Assigned task: Working from the start of the listing, please write out exactly the lines through the one that holds "We'll assume for", both included, and omit all pictures.

Provided data:

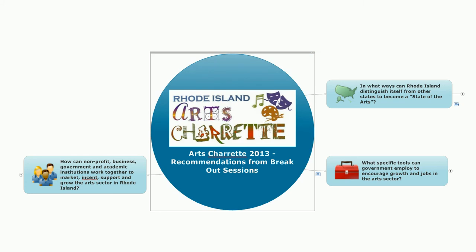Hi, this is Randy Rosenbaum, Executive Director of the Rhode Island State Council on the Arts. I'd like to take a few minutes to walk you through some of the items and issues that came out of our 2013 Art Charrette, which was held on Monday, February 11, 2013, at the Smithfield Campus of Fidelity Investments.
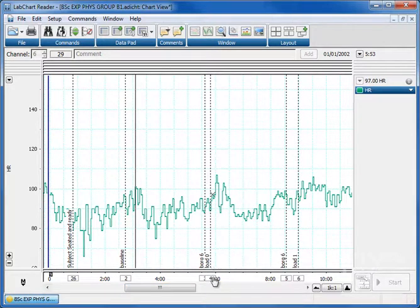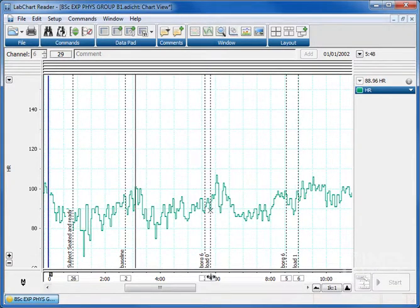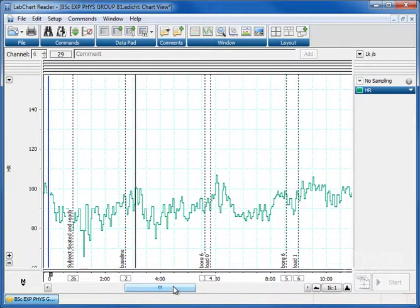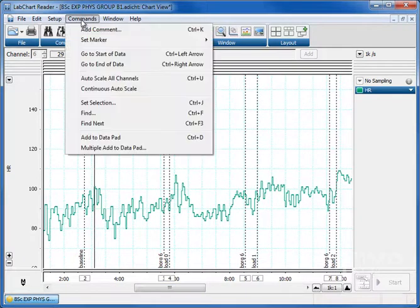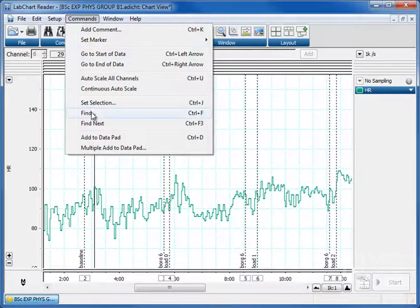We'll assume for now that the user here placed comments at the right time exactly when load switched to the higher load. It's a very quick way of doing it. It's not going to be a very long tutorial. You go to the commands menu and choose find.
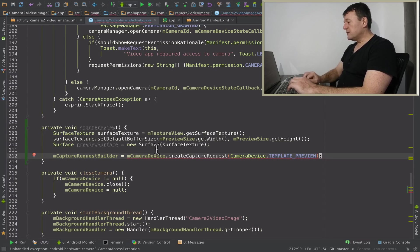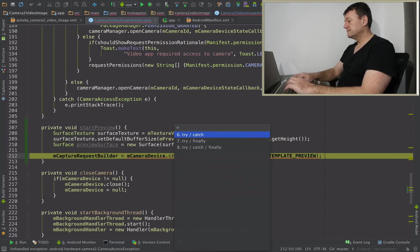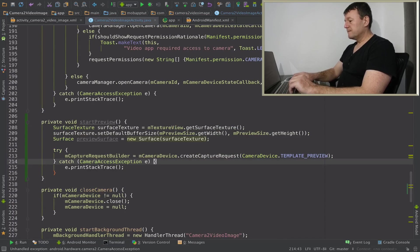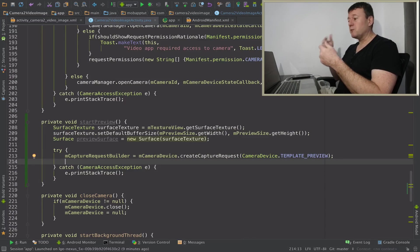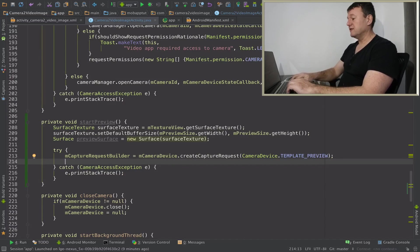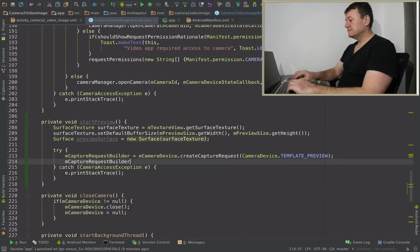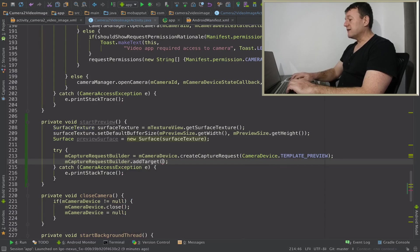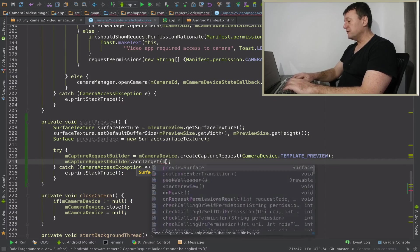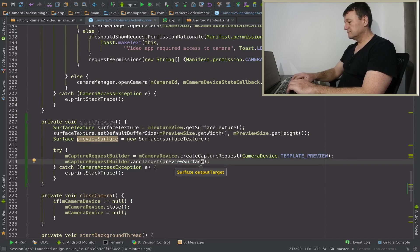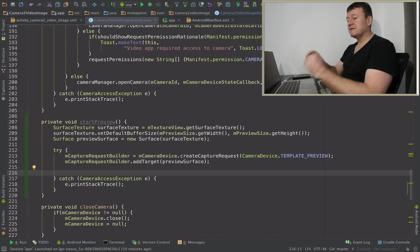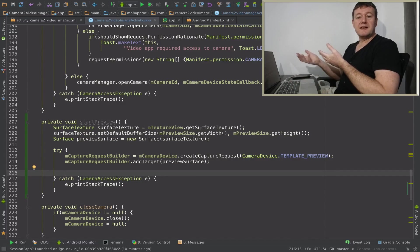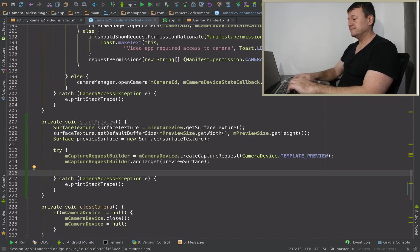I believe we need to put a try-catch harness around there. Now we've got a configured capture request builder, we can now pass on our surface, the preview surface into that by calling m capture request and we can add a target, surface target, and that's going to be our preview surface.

Solution:
Hi, this is Randy Rosenbaum, Executive Director of the Rhode Island State Council on the Arts. I'd like to take a few minutes to walk you through some of the items and issues that came out of our 2013 Art Charrette, which was held on Monday, February 11, 2013, at the Smithfield Campus of Fidelity Investments.
We'll assume for now that the user here placed comments at the right time exactly when load switched to the higher load. It's a very quick way of doing it. It's not going to be a very long tutorial. You go to the commands menu and choose find.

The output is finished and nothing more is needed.